Previous work for predicting accident occurrences has utilized graph-structural features extracted from road networks, which do not incorporate physical and environmental aspects of the road. This work constructs MMTraCE, a large-scale dataset across six U.S. states, comprising nine million traffic accident records from official sources, and one million high-resolution satellite images for each node of the road network. Additionally, every node is annotated with features such as the region's weather statistics, traffic volume, and road types (e.g., residential vs. motorway).

Utilizing this dataset, we conduct a comprehensive evaluation of multimodal learning methods that integrate both visual and network embeddings. Our findings show that by combining network and visual features, multimodal learning achieves an accurate prediction of accident occurrences with an average AUROC of 90.1%, outperforming graph-based methods by 3.7% on average. With the enhanced accuracy provided by multimodal embeddings, we conduct a causal analysis based on a matching estimator to examine the contributing factors of traffic accidents. The findings suggest that accident frequency increases under higher precipitation by 24%, and on higher speed limit roads such as motorways by 22%, after adjusting for other confounding factors through the embeddings. Seasonal factors increase accident rates by 29%. Ablation studies validate the importance of satellite imagery features for achieving accurate prediction.

MMTraCE Dataset

Statistics of the total number of edges, average edge length in meters, road network density, availability of traffic volume, period of accident records, total number of accident records, and total number of satellite images.

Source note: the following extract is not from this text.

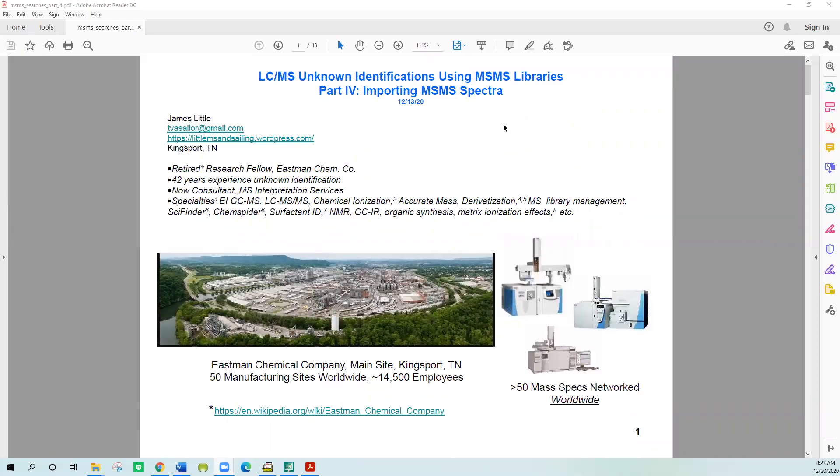Good morning. Today I would like to share part four, importing MS-MS spectra, as a webinar I'm producing to share with people about LC-MS unknown identifications using MS-MS libraries.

The proportion of different road types among six states' road networks. Residential roads account for the vast majority of the total, making up approximately 74.5% of all roads. Other types, such as tertiary, secondary, and primary, contribute much smaller proportions by comparison.

Total accident count
Average accident count

Accident count of motorway (M), motorway link (M_L), primary (Pri), primary link (Pri_L), residential (Res), secondary (Sec), secondary link (Sec_L), tertiary (Ter), tertiary link (Ter_L), trunk (Tru), trunk link (Tru_L), living street, road, and trailhead.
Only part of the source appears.